_Records shown_
== Segment start ==

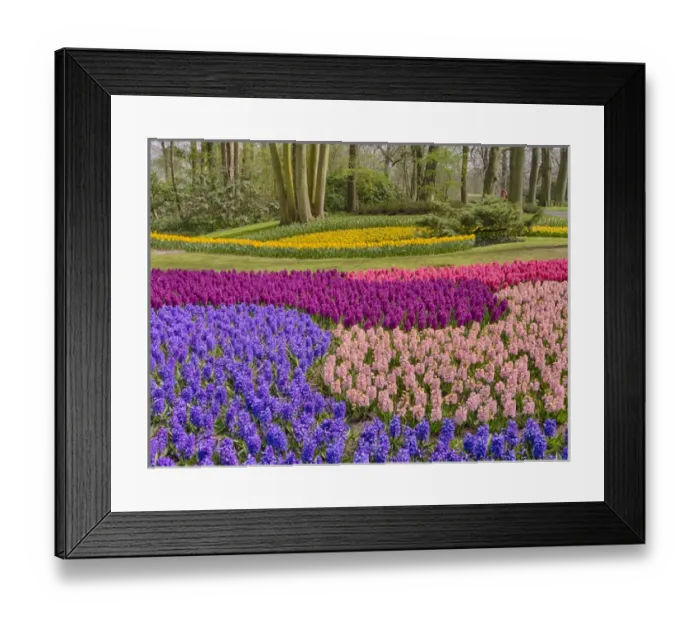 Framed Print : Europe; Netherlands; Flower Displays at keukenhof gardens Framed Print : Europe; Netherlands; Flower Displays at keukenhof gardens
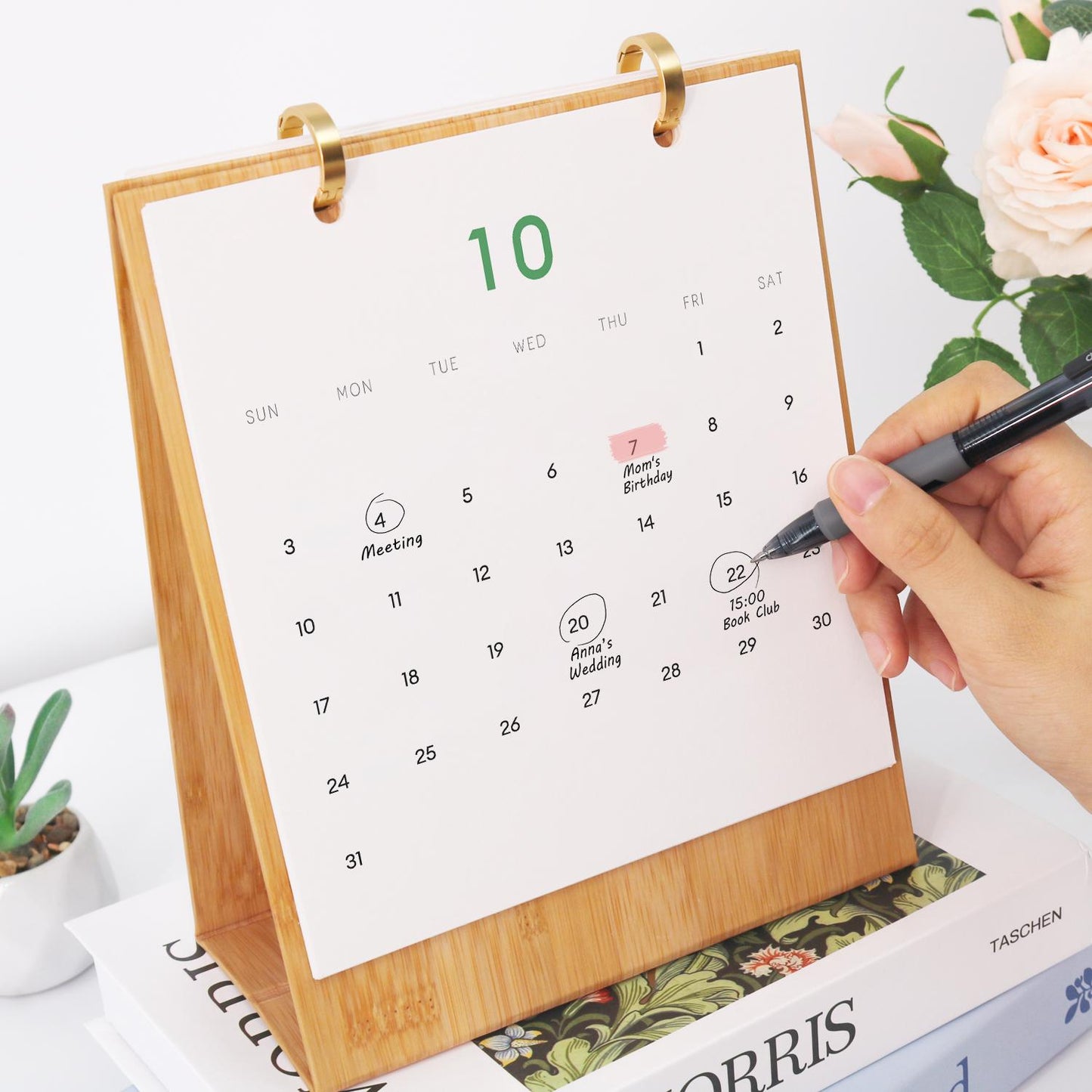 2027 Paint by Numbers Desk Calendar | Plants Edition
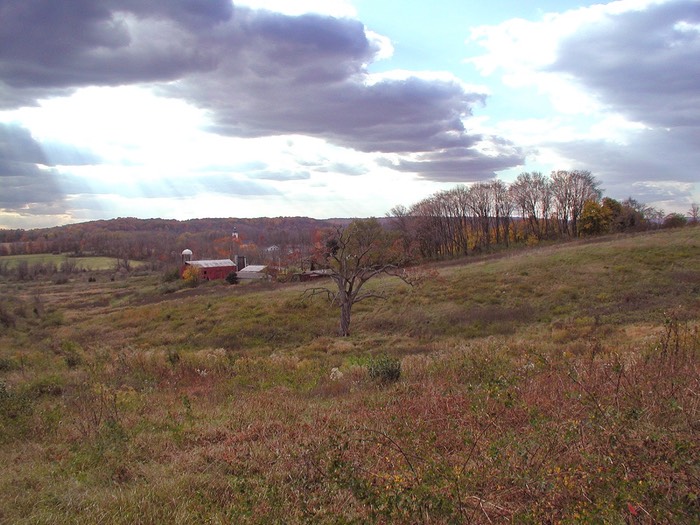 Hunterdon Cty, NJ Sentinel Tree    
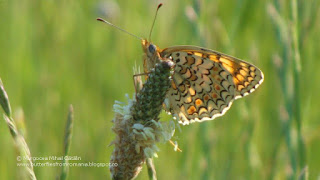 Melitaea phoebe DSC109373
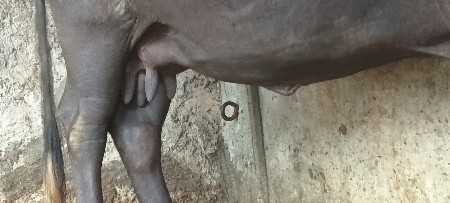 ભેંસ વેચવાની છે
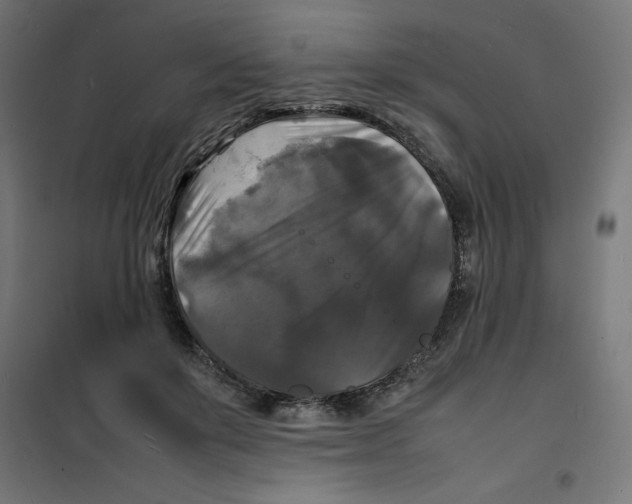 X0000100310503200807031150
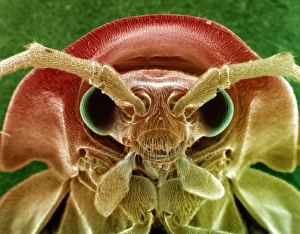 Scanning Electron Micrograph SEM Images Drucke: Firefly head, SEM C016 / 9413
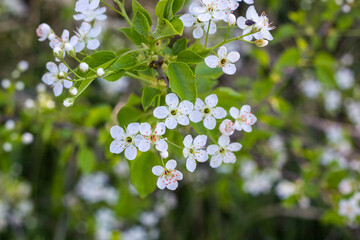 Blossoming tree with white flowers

== Segment end ==

_Work instructions_
Starting with the first line of the material, print each line exactly until you have printed the line with "Hunterdon Cty, NJ Sentinel Tree", and skip the pictures.

_Completed task_
 Framed Print : Europe; Netherlands; Flower Displays at keukenhof gardens Framed Print : Europe; Netherlands; Flower Displays at keukenhof gardens
 2027 Paint by Numbers Desk Calendar | Plants Edition
 Hunterdon Cty, NJ Sentinel Tree    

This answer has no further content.